The right tool for the right job (or in the startup world, the tool you can
afford.)

------
ismail
Previously commented on some issues regarding oracle products in general:

[https://news.ycombinator.com/item?id=13726012](https://news.ycombinator.com/item?id=13726012)

Oracle DB has some of the best tech. For e.g Partitioning of tables works
great. DB can be seriously tuned and is a workhorse for many different use
cases. They have easy access to use tools that make management super simple.

Though you pay a hefty price for all of this, often you can get similar things
done with open source with a bit more hacking and deep diving though you would
need to have much more technical skills than your typical oracle DBA.

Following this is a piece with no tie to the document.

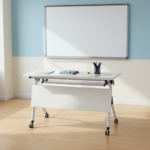 1.2m foldable white conference table, 1.2m white conference table, foldable conference table, white conference table, 120cm conference table, folding office table, foldable office table, white office table, conference room table, meeting room table, modern conference table, portable conference table, collapsible conference table, office meeting table, white meeting table, compact conference table, small conference table, office furniture Kenya, conference table Kenya, foldable table Kenya, white office table Kenya, conference table Nairobi, conference table Kisii, conference table Kisumu, conference table Nakuru, conference table Eldoret, conference table Mombasa, conference table Thika, conference table Keroka, conference table Bomet, conference table Nyamira, conference table Migori, conference table Homa Bay, conference table Rongo, conference table Ogembo, conference table Nyamache, conference table Ahero, conference table Maseno, conference table Sotik, conference table Oyugis, conference table Suneka, conference table Isebania, conference table Litein, conference table Longisa, conference table Awasi, conference table Muhoroni, conference table Katito, conference table Kombewa, conference table Kaplong, conference table Tabaka, conference table Kenyenya, conference table Manga, conference table Nyamaiya, conference table Riana, conference table Mariba, conference table Gesima, conference table Ekerenyo, conference table Rigoma, foldable conference table Nairobi, foldable conference table Kisii, foldable conference table Kisumu, foldable conference table Nakuru, foldable conference table Eldoret, foldable conference table Mombasa, foldable conference table Thika, foldable conference table Keroka, foldable conference table Bomet, foldable conference table Nyamira, foldable conference table Migori, foldable conference table Homa Bay, foldable conference table Rongo, foldable conference table Ogembo, foldable conference table Nyamache, foldable conference table Ahero, foldable conference table Maseno, foldable conference table Sotik, foldable conference table Oyugis, foldable conference table Suneka, foldable conference table Isebania, foldable conference table Litein, foldable conference table Longisa, foldable conference table Awasi, foldable conference table Muhoroni, foldable conference table Katito, foldable conference table Kombewa, foldable conference table Kaplong, foldable conference table Tabaka, foldable conference table Kenyenya, foldable conference table Manga, foldable conference table Nyamaiya, foldable conference table Riana, foldable conference table Mariba, foldable conference table Gesima, foldable conference table Ekerenyo, foldable conference table Rigoma, white conference table Nairobi, white conference table Kisii, white conference table Kisumu, white conference table Nakuru, white conference table Eldoret, white conference table Mombasa, white conference table Thika, white conference table Keroka, white conference table Bomet, white conference table Nyamira, white conference table Migori, white conference table Homa Bay, white conference table Rongo, white conference table Ogembo, white conference table Nyamache, white conference table Ahero, white conference table Maseno, white conference table Sotik, white conference table Oyugis, white conference table Suneka, white conference table Isebania, white conference table Litein, white conference table Longisa, white conference table Awasi, white conference table Muhoroni, white conference table Katito, white conference table Kombewa, white conference table Kaplong, white conference table Tabaka, white conference table Kenyenya, white conference table Manga, white conference table Nyamaiya, white conference table Riana, white conference table Mariba, white conference table Gesima, white conference table Ekerenyo, white conference table Rigoma, 1.2m conference table Kenya, 120cm conference table Kenya, 1.2 metre conference table Kenya, 1.2 meter office table Kenya, compact office conference table, small meeting table Kenya, folding meeting table Kenya, foldable meeting room table, foldable boardroom table, portable meeting table Kenya, office conference furniture Kenya, conference room furniture Kenya, meeting room furniture Kenya, modern office furniture Kenya, office table supplier Kenya, conference table supplier Kenya, conference table dealer Kenya, conference table shop Kenya, conference table showroom Kenya, buy conference table Kenya, buy foldable conference table Kenya, buy white conference table Kenya, conference table price Kenya, foldable table price Kenya, white table price Kenya, 1.2m table price Kenya, office table price Kenya, meeting table price Kenya, conference furniture Nairobi, conference furniture Kisii, conference furniture Kisumu, conference furniture Nakuru, conference furniture Eldoret, conference furniture Mombasa, conference furniture Thika, conference furniture Keroka, conference furniture Bomet, conference furniture Nyamira, conference furniture Migori, conference furniture Homa Bay, conference furniture Rongo, conference furniture Ogembo, conference furniture Nyamache, conference furniture Ahero, conference furniture Maseno, conference furniture Sotik,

Then you have what I call the 'propriety DB' tax. Which usually means your
open source tools typically support oracle DB as an afterthought. I often come
across an open source solution to solve some problem only to realize we need
to get data in or out of oracle with support either non existent or patchy at
best. PGSql/MySQL are mostly supported first.

For e.g

\- I recall getting cx_oracle(python DB API) was a serious pain in the ass.

\- Want to use a heroku build pack for your app to deploy to an open source
paas solution? Need to roll your own custom build pack

\- Need continuous integration, auto builds? Need to hack around their stupid
license agreement

\- Need a local dev db? You get a seriously limited version (XE) without
feature parity to what is most likely running in production. You have to write
specific code for local vs production in some cases - like accessing
partitions etc

Really I would be surprised if there were Serious SAAS startups that were
using it.

That $ could be invested elsewhere and open source is good enough.

------
slowhand09
I've worked with Oracle versions 4,5,7,8,9,10,11, and 12. Worked as DBA,
developer, architect, and consultant. Also worked with most other major DB
players. Oracle has the besttech - period. Sure you'll find this or that
player who tries and maybe outdoes Oracle for some period in some niche.
Oracle isn't used by startups because they rarely have the funds or the
expertise to make it feasible. I've spent months building and fixing what
Oracle has out of the box. Referential Integrity for starters. People who
don't understand it, or its value, or have a need for it today will skip it. 3
years later they need it bad but can't afford to fix it, don't know how to fix
it, or have made so many bad decisions they need a redesign. If you can afford
it - use it. Data is typically the most valuable asset for a company.

------
eb0la
It depends on what using Oracle means. As a backed? I seriously doubt it.
Oracle fees are huge for startup-style growth and non-oracle equivalents are
1) cheap and 2) have plenty of talent available.

If you're a start-up going after B2B market, and you want to offer on-prem
service, I suggest you get into the Oracle developer network and try as hard
as you can to make sure your product works with Oracle as a backend.

Just having it as an option for big corporations is worth the effort... But
not as a first time option (unless ORA funds you, which is another story).